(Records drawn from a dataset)
______________________________
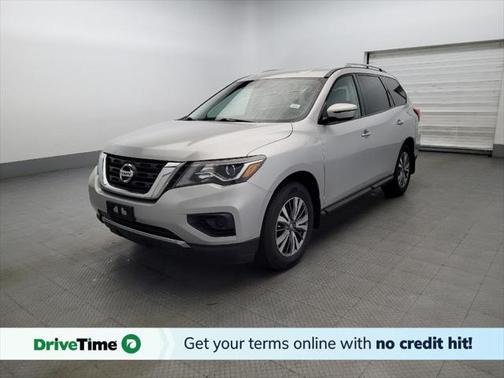 2020 Nissan Pathfinder S 4WD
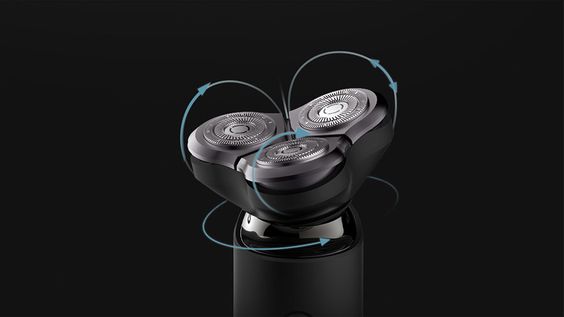 Cạo 360 độ, vừa vặn với các đường nét trên khuôn mặt 1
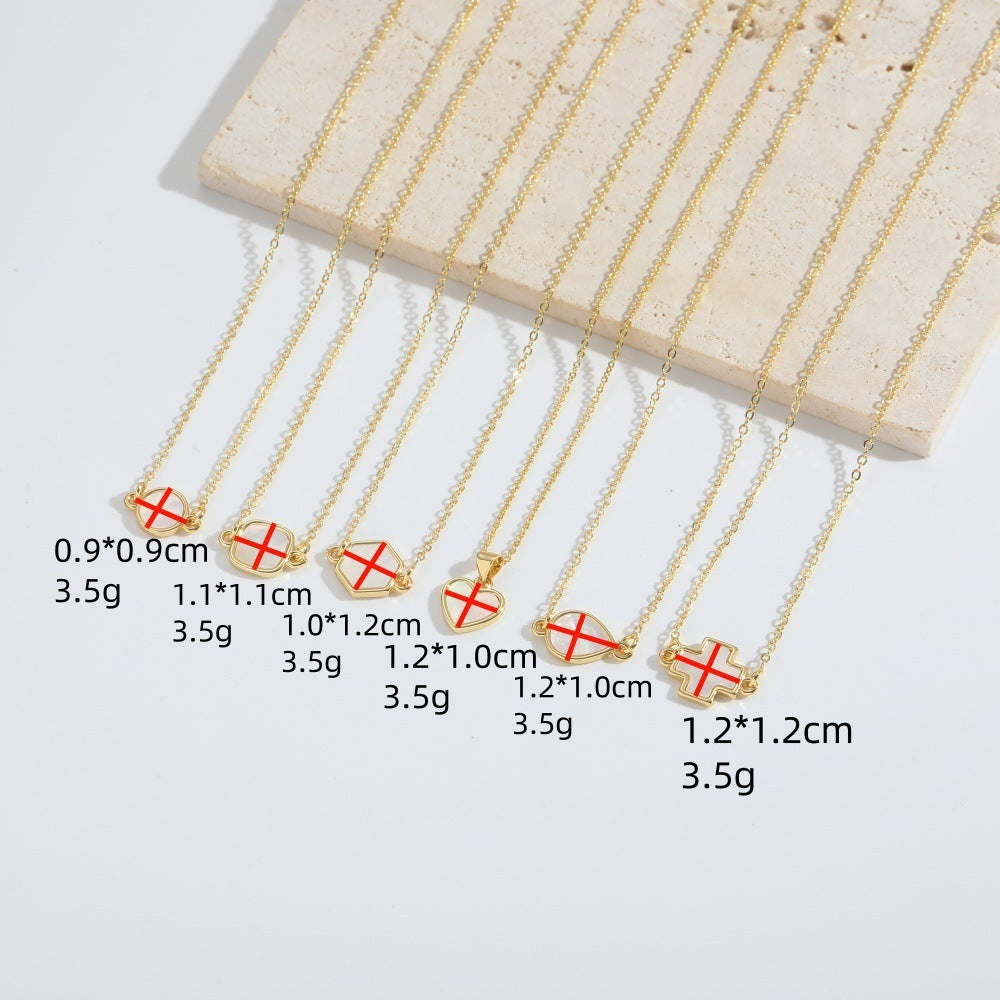 Clavicle Romance Pendant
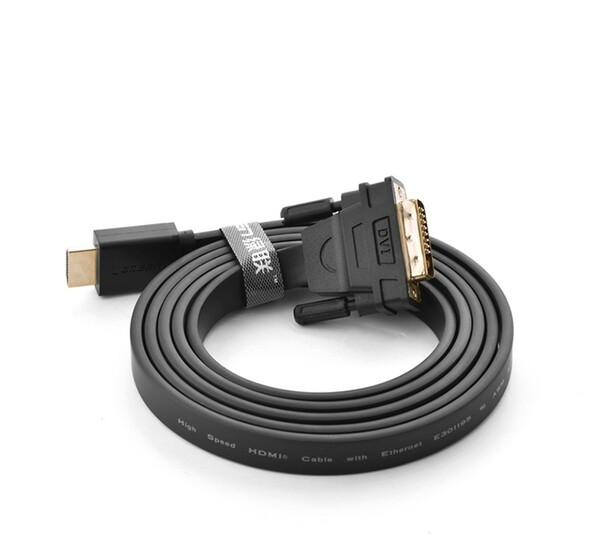 Cáp HDMI tròn Ugreen 1.4V hỗ trợ 4K*2K Straight to Down - Hàng chính hãng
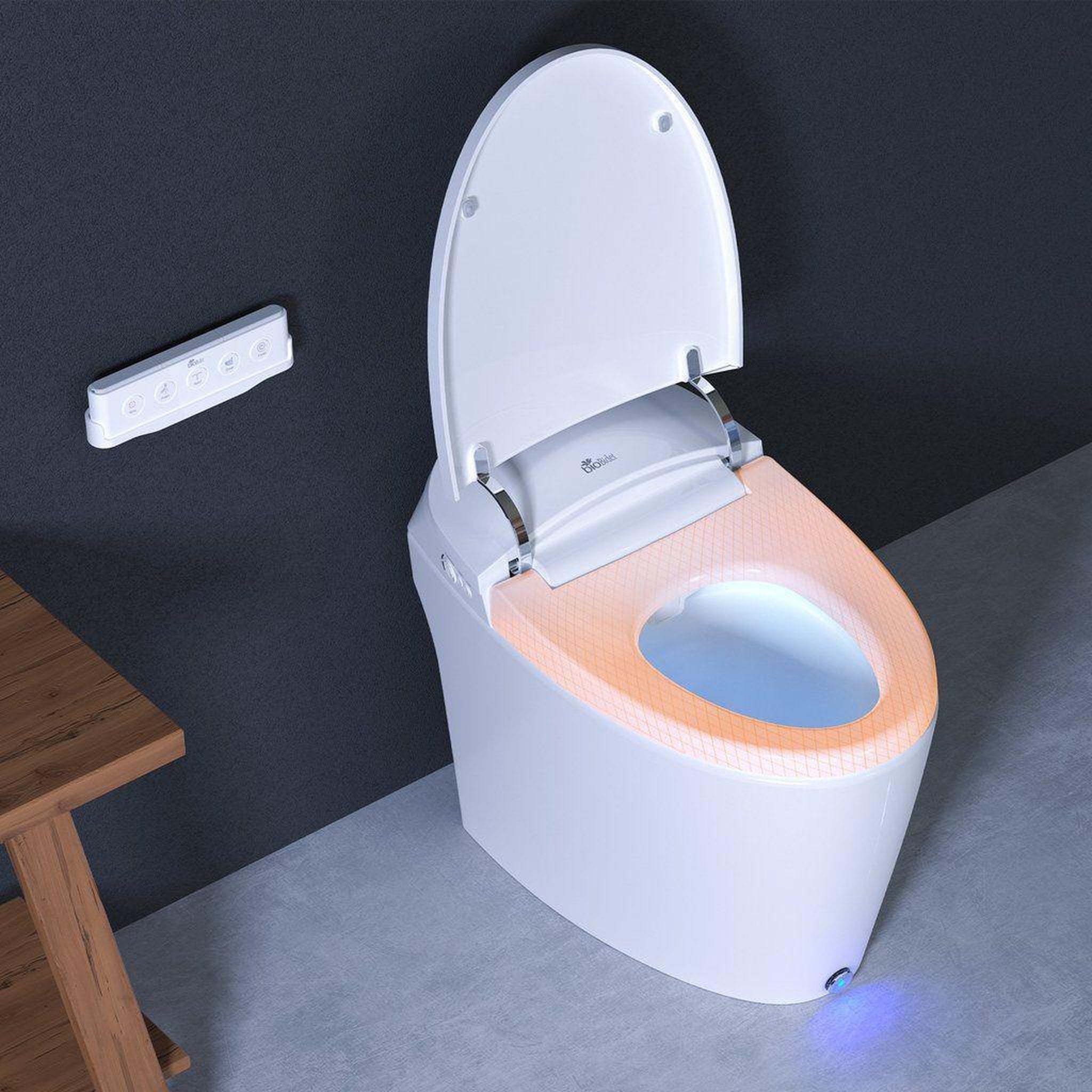 BioBidet selling Toilet Seat with Wireless Remote Elongated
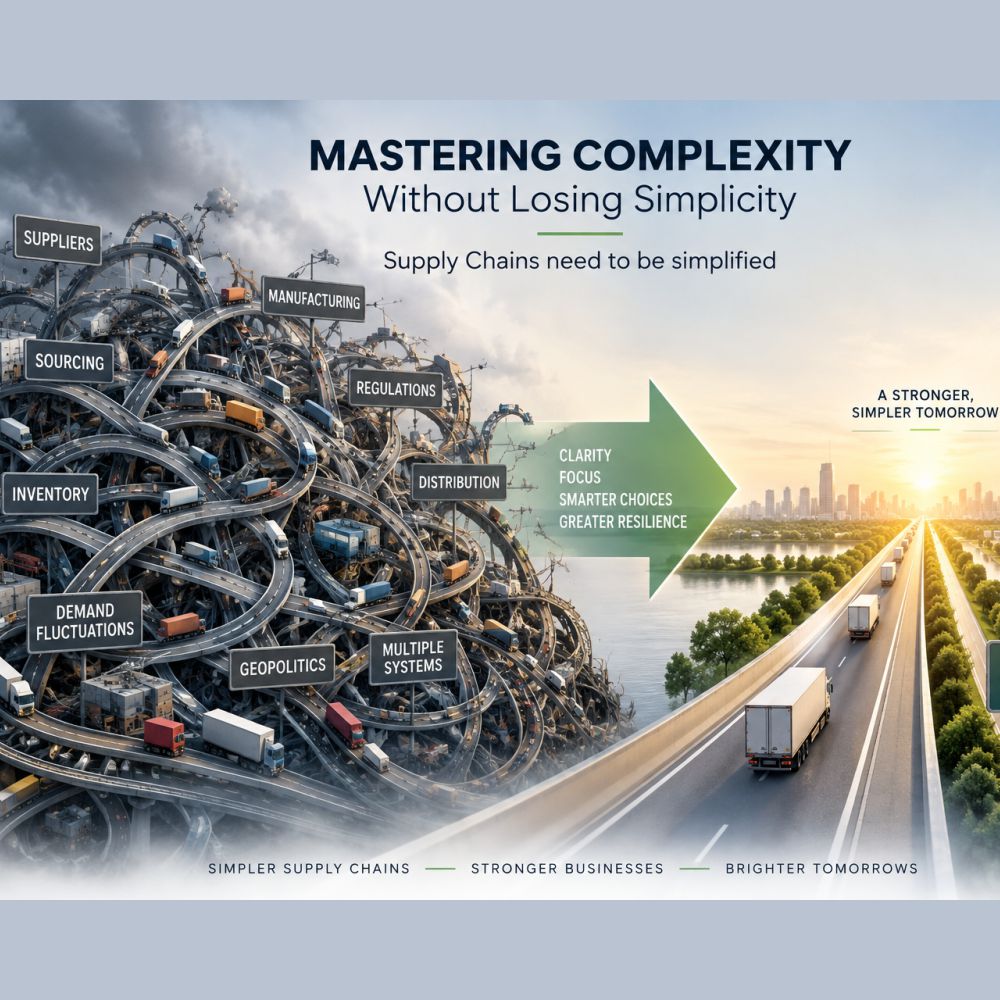 Mastering Supply Chain Complexity without Losing Simplicity - by Celerity Supply Chain Tribe
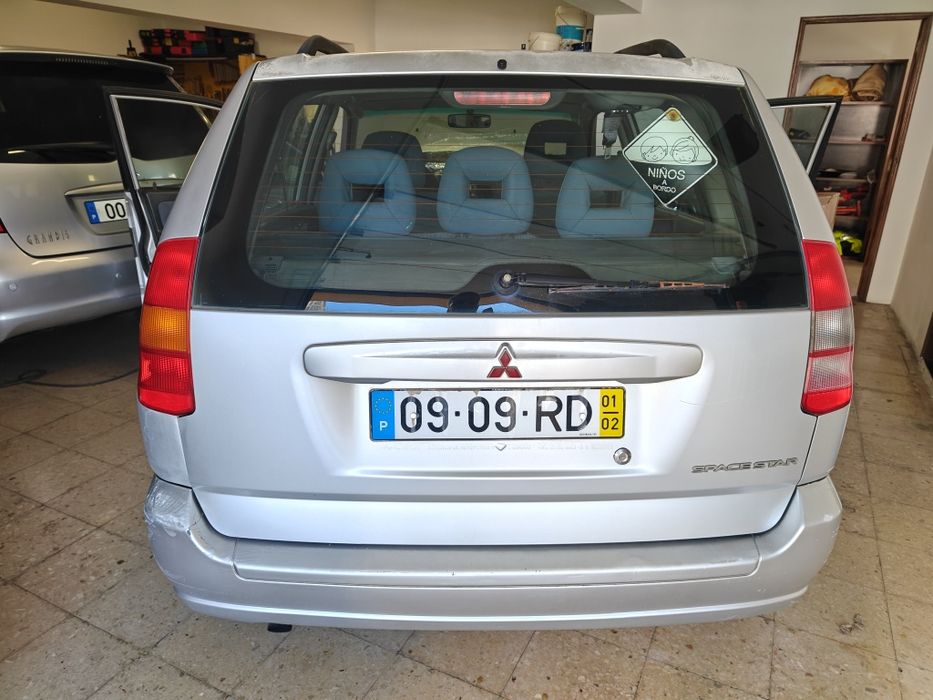 Space star Mitsubishi 1.3 gasolina,2001.( Problema na junta)
Vendo com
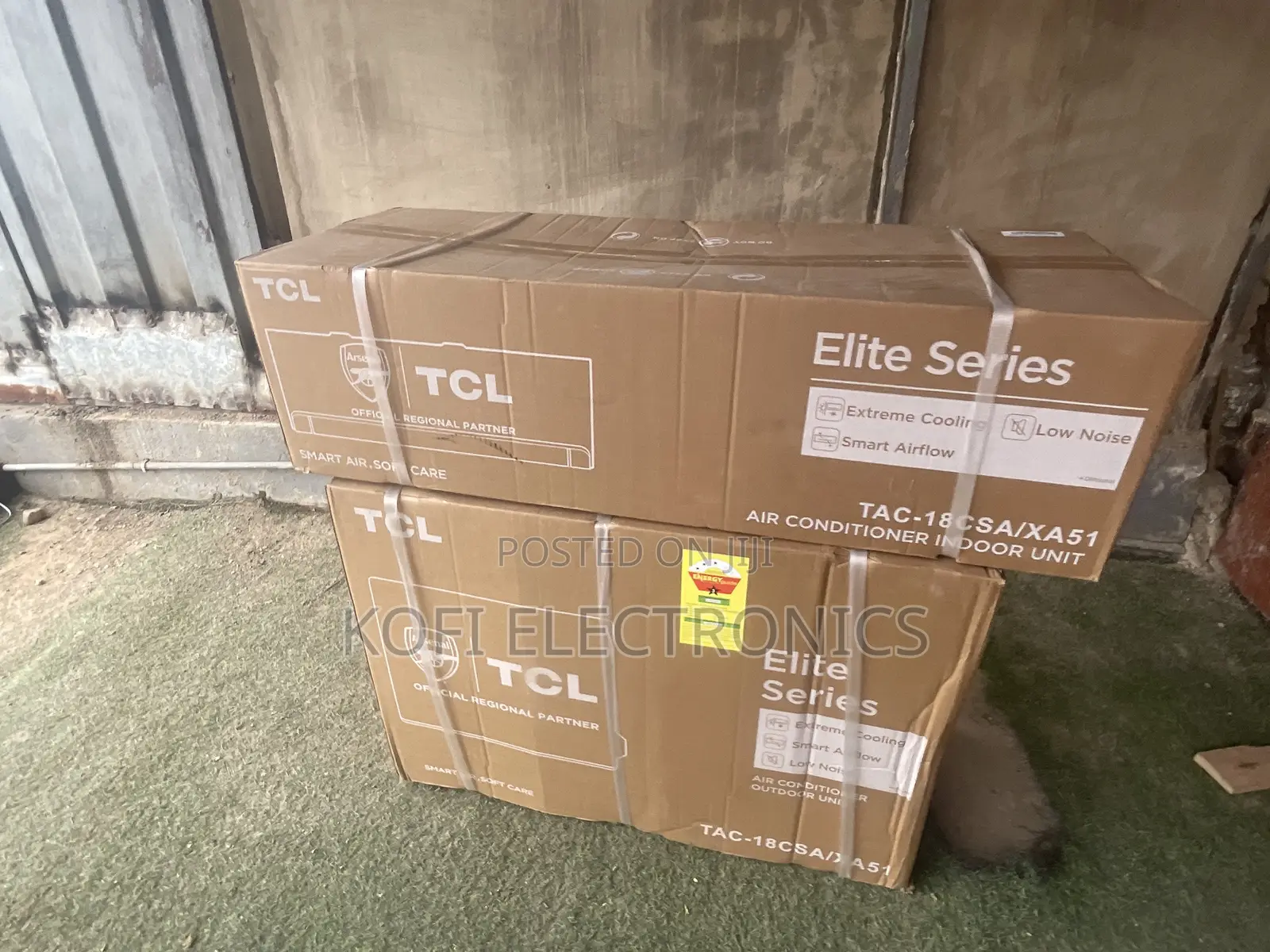 TCL 2.0HP R410A Split Ac TAC-18CSA/XA51 With Chord Response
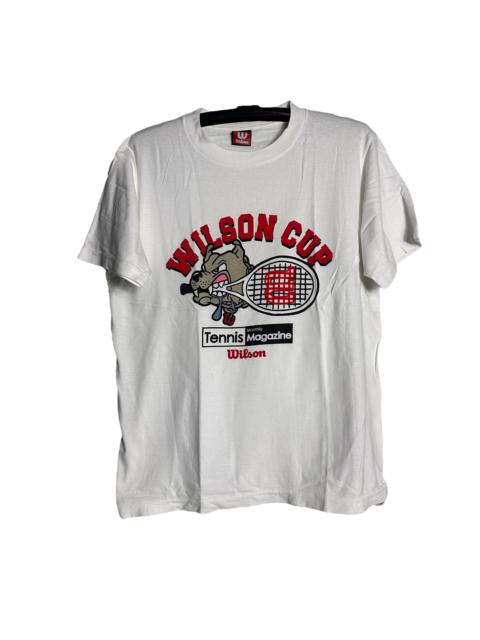 Other Designers 🔥RARE🔥Vintage Wilson Cup Tennis Magazine T-shirt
______________________________
Problem requirements: Nothing but the lines from the one containing "Clavicle Romance Pendant" through the last line of the records should appear in the copy, exactly as written and without pictures.

Task output:
 Clavicle Romance Pendant
 Cáp HDMI tròn Ugreen 1.4V hỗ trợ 4K*2K Straight to Down - Hàng chính hãng
 BioBidet selling Toilet Seat with Wireless Remote Elongated
 Mastering Supply Chain Complexity without Losing Simplicity - by Celerity Supply Chain Tribe
 Space star Mitsubishi 1.3 gasolina,2001.( Problema na junta)
Vendo com
 TCL 2.0HP R410A Split Ac TAC-18CSA/XA51 With Chord Response
 Other Designers 🔥RARE🔥Vintage Wilson Cup Tennis Magazine T-shirt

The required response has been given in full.